Supplied entries.
"""

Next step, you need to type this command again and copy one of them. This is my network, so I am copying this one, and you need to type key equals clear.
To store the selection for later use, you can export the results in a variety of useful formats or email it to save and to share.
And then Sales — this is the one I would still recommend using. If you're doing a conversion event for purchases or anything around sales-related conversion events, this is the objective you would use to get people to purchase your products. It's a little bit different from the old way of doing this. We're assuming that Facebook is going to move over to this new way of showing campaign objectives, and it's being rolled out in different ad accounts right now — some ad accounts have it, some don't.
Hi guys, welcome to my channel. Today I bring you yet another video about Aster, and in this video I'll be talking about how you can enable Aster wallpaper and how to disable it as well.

"""
"""

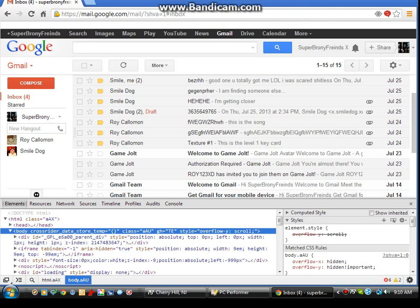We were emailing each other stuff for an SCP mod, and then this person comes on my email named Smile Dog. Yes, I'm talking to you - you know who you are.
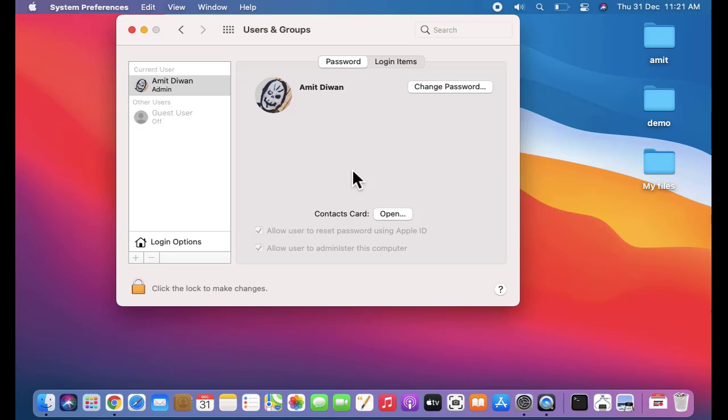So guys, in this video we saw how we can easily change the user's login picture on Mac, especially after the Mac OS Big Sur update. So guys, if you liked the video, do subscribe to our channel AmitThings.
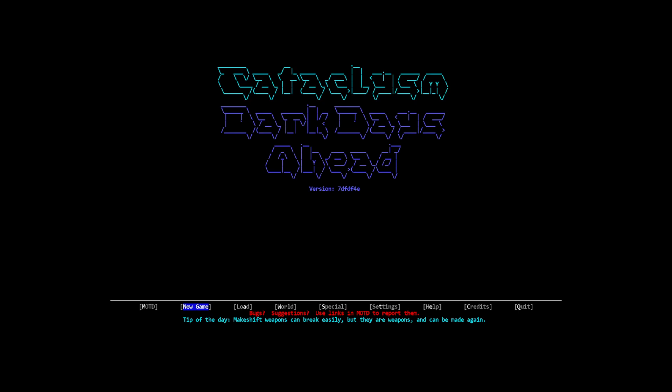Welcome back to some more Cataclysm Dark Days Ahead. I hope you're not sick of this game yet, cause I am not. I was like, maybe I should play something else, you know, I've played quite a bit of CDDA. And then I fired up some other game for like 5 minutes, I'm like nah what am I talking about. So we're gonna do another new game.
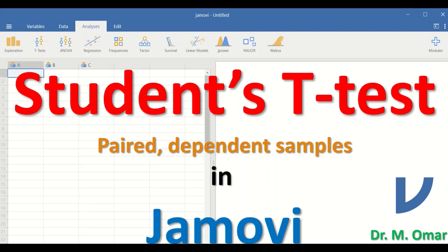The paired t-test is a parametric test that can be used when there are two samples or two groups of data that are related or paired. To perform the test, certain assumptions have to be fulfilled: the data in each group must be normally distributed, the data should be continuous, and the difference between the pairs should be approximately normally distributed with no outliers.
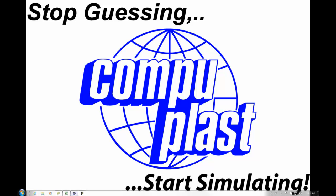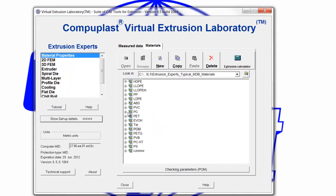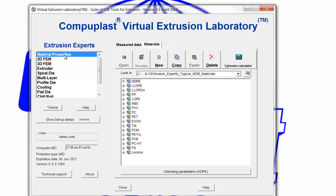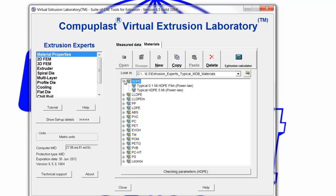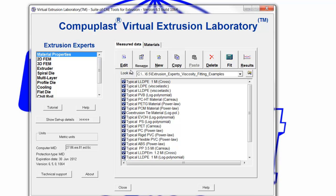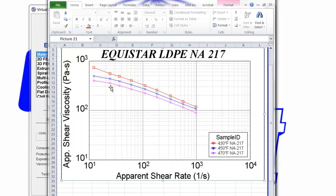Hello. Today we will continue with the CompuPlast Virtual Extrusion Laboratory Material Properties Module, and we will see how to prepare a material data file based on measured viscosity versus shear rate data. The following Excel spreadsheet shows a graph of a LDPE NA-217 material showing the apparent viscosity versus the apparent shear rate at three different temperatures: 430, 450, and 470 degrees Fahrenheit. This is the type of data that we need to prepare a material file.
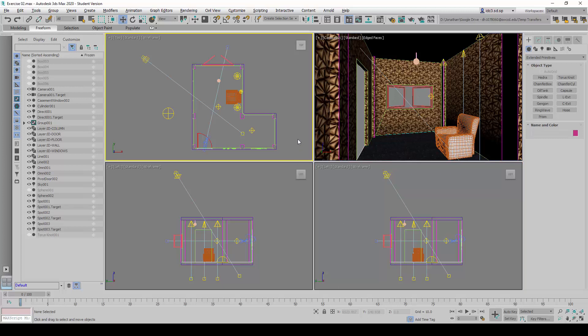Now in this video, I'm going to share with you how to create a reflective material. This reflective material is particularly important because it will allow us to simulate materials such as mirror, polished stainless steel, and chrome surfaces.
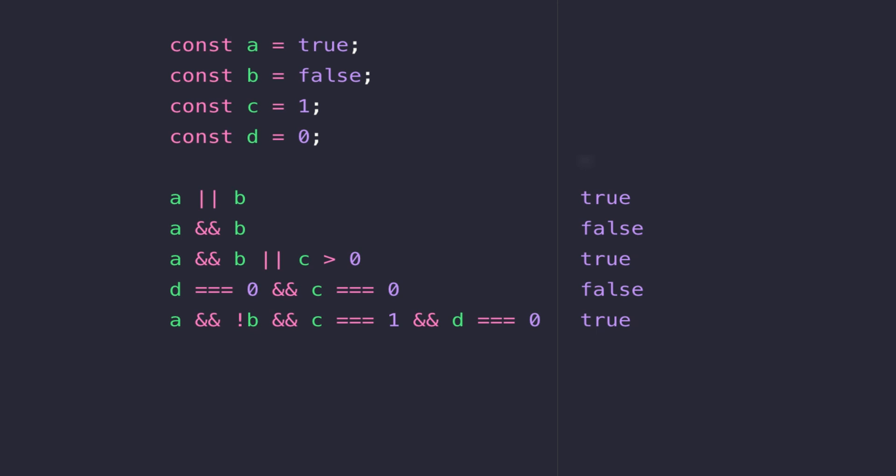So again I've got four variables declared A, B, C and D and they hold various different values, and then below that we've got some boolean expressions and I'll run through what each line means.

"""

About this exercise.
An exact copy of the lines above, from the one containing "And then Sales" down to the one containing "Hi guys, welcome" and including both, is the whole answer; retype it and nothing else.

Answer below.
And then Sales — this is the one I would still recommend using. If you're doing a conversion event for purchases or anything around sales-related conversion events, this is the objective you would use to get people to purchase your products. It's a little bit different from the old way of doing this. We're assuming that Facebook is going to move over to this new way of showing campaign objectives, and it's being rolled out in different ad accounts right now — some ad accounts have it, some don't.
Hi guys, welcome to my channel. Today I bring you yet another video about Aster, and in this video I'll be talking about how you can enable Aster wallpaper and how to disable it as well.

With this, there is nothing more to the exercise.